YOUR INSTRUCTIONS:
Output only the lines below from the one holding "I Love Saturn Royal Blue" down to the one holding "Adalyn Cute online", both end lines included and every picture dropped.

DATASET:

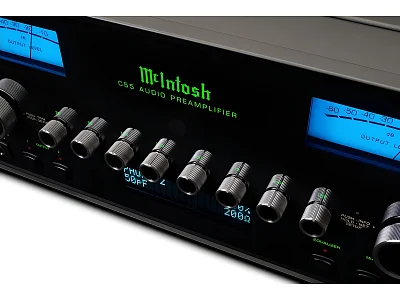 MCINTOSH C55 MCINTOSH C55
---
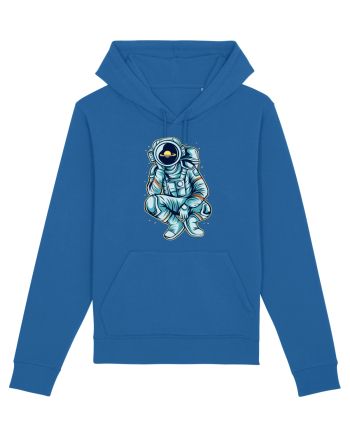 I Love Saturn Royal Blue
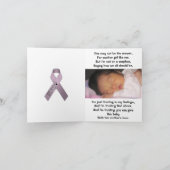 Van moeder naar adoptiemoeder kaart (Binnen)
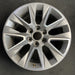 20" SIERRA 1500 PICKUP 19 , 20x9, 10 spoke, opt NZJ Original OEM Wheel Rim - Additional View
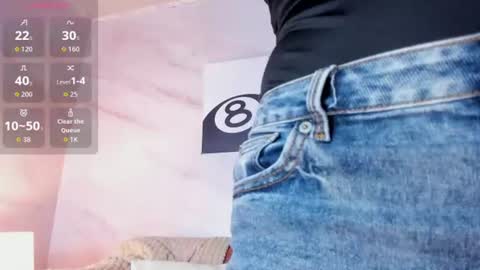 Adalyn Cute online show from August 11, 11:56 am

OUTPUT OF THE EXERCISE:
 I Love Saturn Royal Blue
 Van moeder naar adoptiemoeder kaart (Binnen)
 20" SIERRA 1500 PICKUP 19 , 20x9, 10 spoke, opt NZJ Original OEM Wheel Rim - Additional View
 Adalyn Cute online show from August 11, 11:56 am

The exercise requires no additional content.